> _Exercise instructions_
Omitting the pictures, print every line below exactly as it stands.

> _Given data_

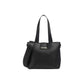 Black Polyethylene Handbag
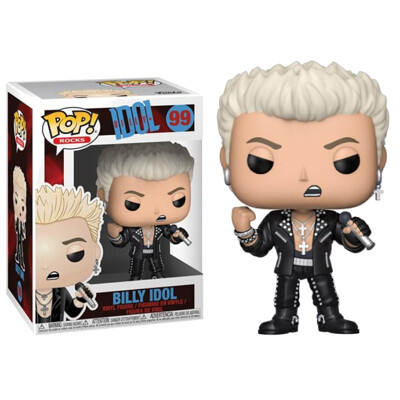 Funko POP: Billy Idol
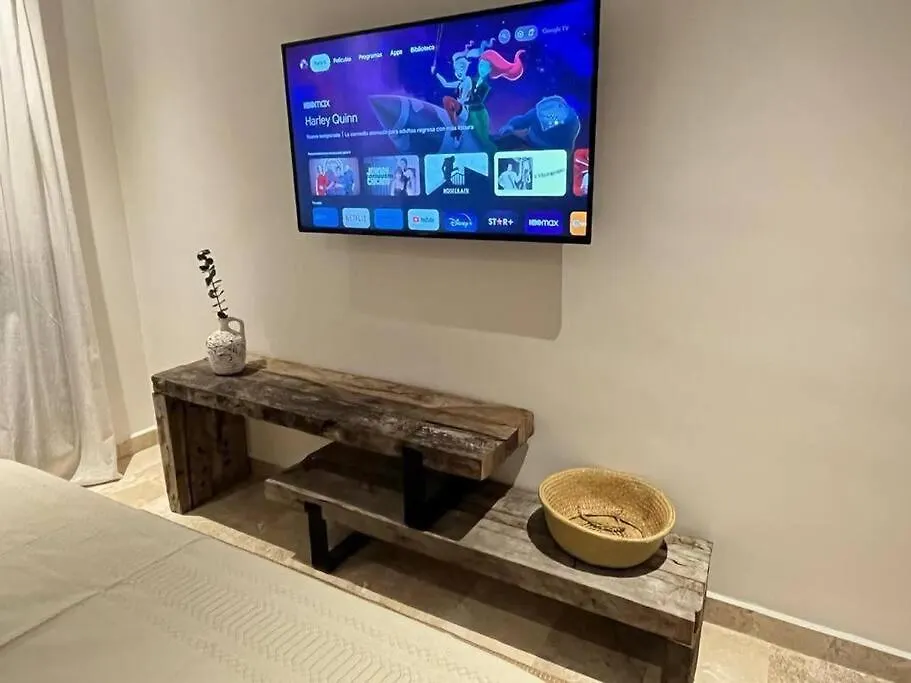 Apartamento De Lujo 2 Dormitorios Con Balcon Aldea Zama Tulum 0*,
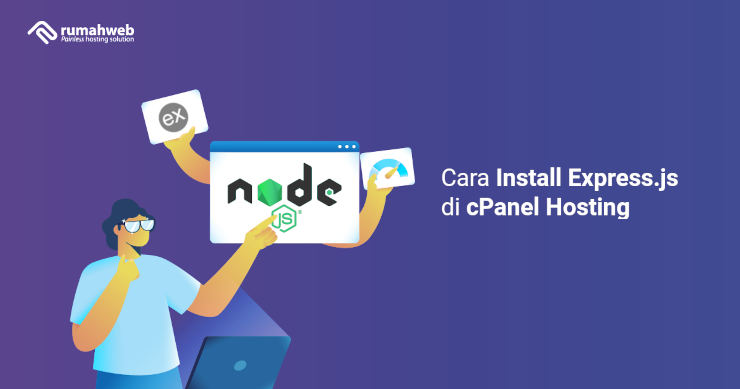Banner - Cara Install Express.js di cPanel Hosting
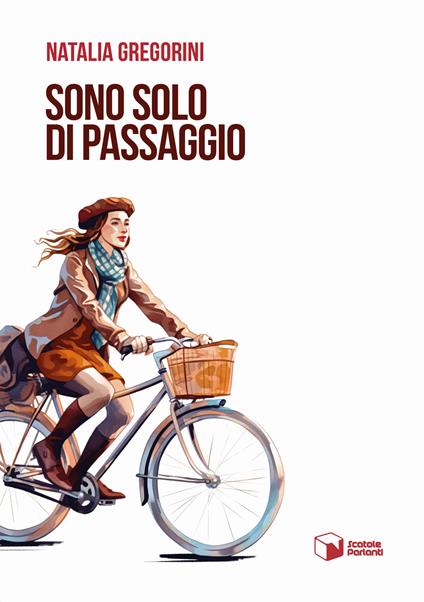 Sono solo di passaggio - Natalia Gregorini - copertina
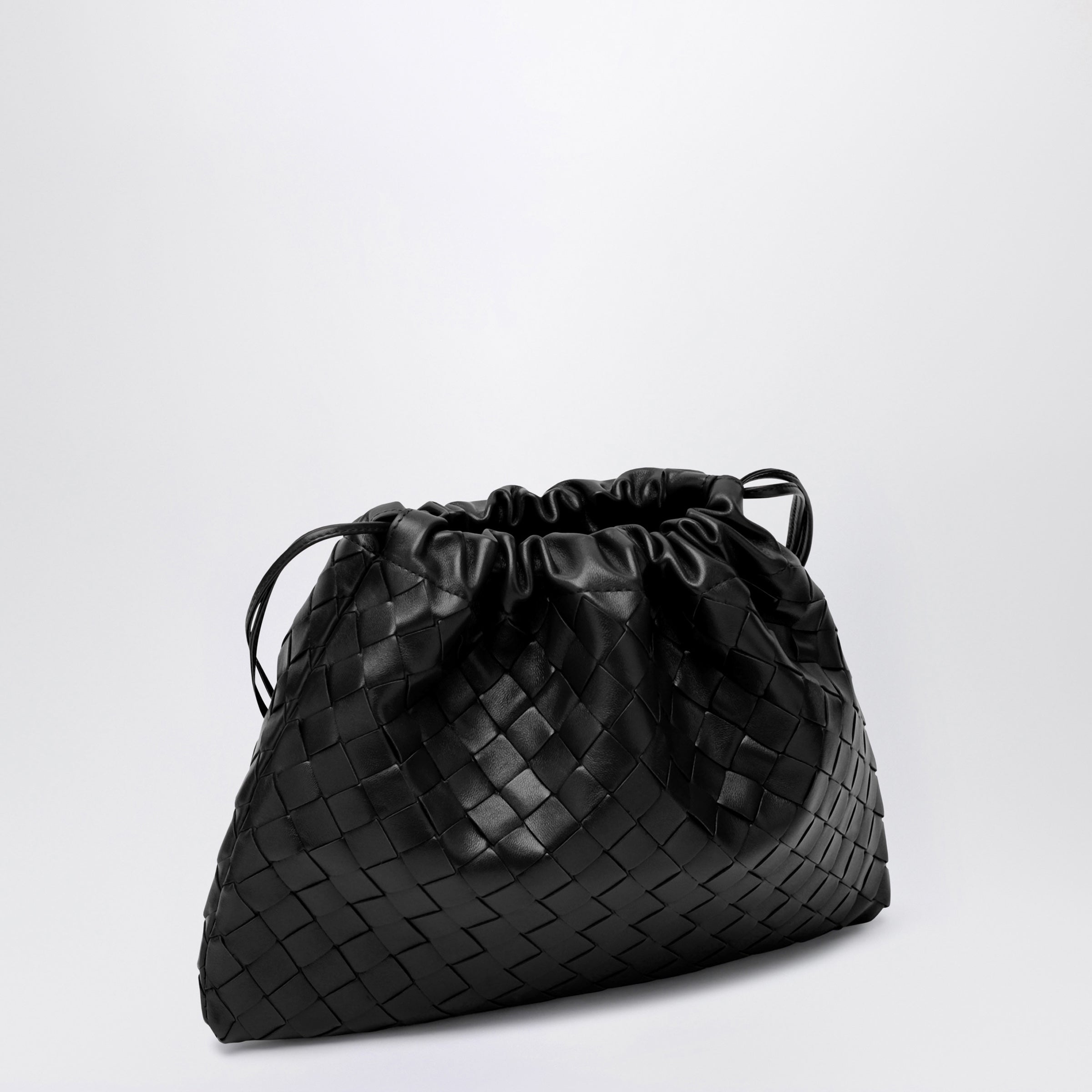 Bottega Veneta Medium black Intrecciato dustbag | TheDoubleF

> _Expected output_
 Black Polyethylene Handbag
 Funko POP: Billy Idol
 Apartamento De Lujo 2 Dormitorios Con Balcon Aldea Zama Tulum 0*,
Banner - Cara Install Express.js di cPanel Hosting
 Sono solo di passaggio - Natalia Gregorini - copertina
 Bottega Veneta Medium black Intrecciato dustbag | TheDoubleF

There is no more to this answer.